**Your objective:**
Could the data below be copied exactly, minus the pictures?

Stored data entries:
↓

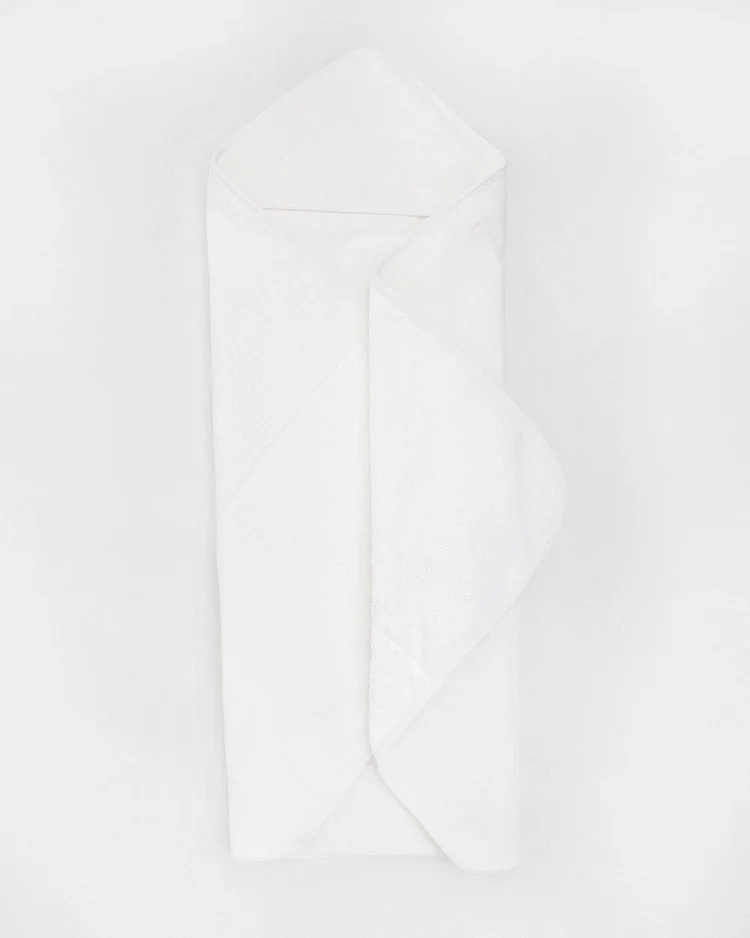 Infant Hooded Towel - White
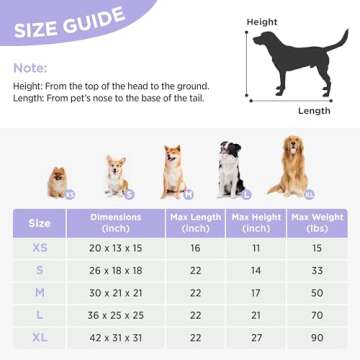 Portable Lesure Dog Crate for Extra Small Pets - Travel Kennel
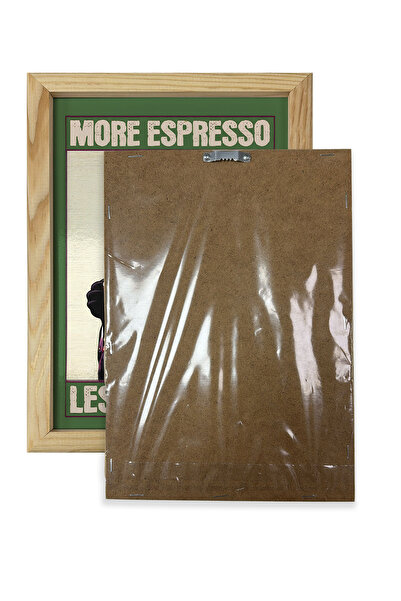 AND Ahşap Çerçeveli Kahve Temalı Tablo Tekli MDF Poster Tablo Duvar Dekoru (21x30 cm)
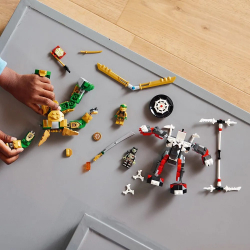 Конструктор LEGO Ninjago Битва роботов Ллойда | 71781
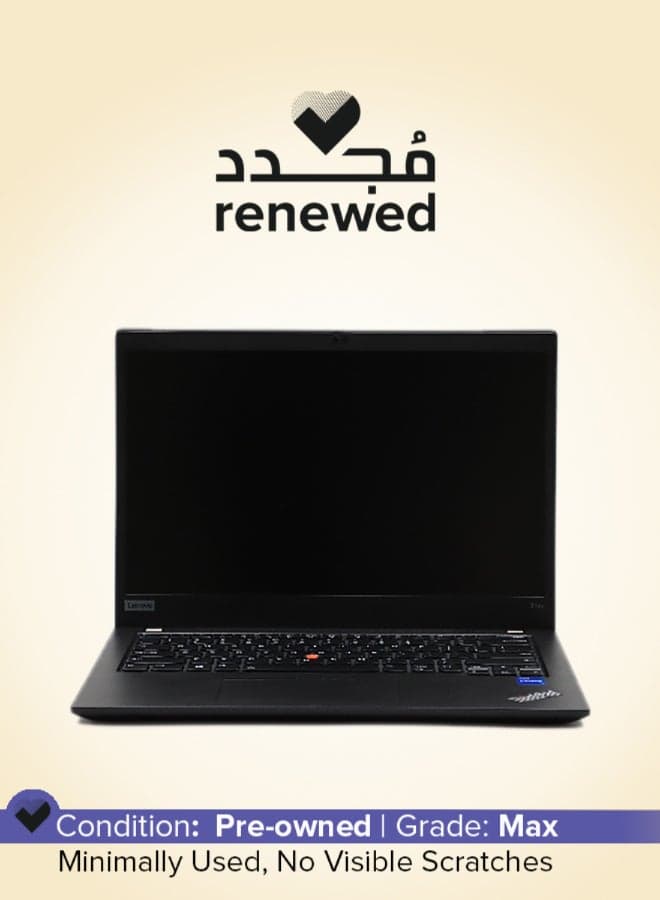 Renewed - Thinkpad T14s Gen 2 Laptop With 14-Inch Full HD Display,Intel Core i5-1135G7 Processor/Quad Core/11th Gen/16GB RAM/256GB SSD/Intel Iris XE Graphics/Windows 10 Pro English Black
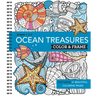 Color & Frame - Ocean Treasures (Adult Coloring Book)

↑

**Response to the task:**
 Infant Hooded Towel - White
 Portable Lesure Dog Crate for Extra Small Pets - Travel Kennel
 AND Ahşap Çerçeveli Kahve Temalı Tablo Tekli MDF Poster Tablo Duvar Dekoru (21x30 cm)
 Конструктор LEGO Ninjago Битва роботов Ллойда | 71781
 Renewed - Thinkpad T14s Gen 2 Laptop With 14-Inch Full HD Display,Intel Core i5-1135G7 Processor/Quad Core/11th Gen/16GB RAM/256GB SSD/Intel Iris XE Graphics/Windows 10 Pro English Black
 Color & Frame - Ocean Treasures (Adult Coloring Book)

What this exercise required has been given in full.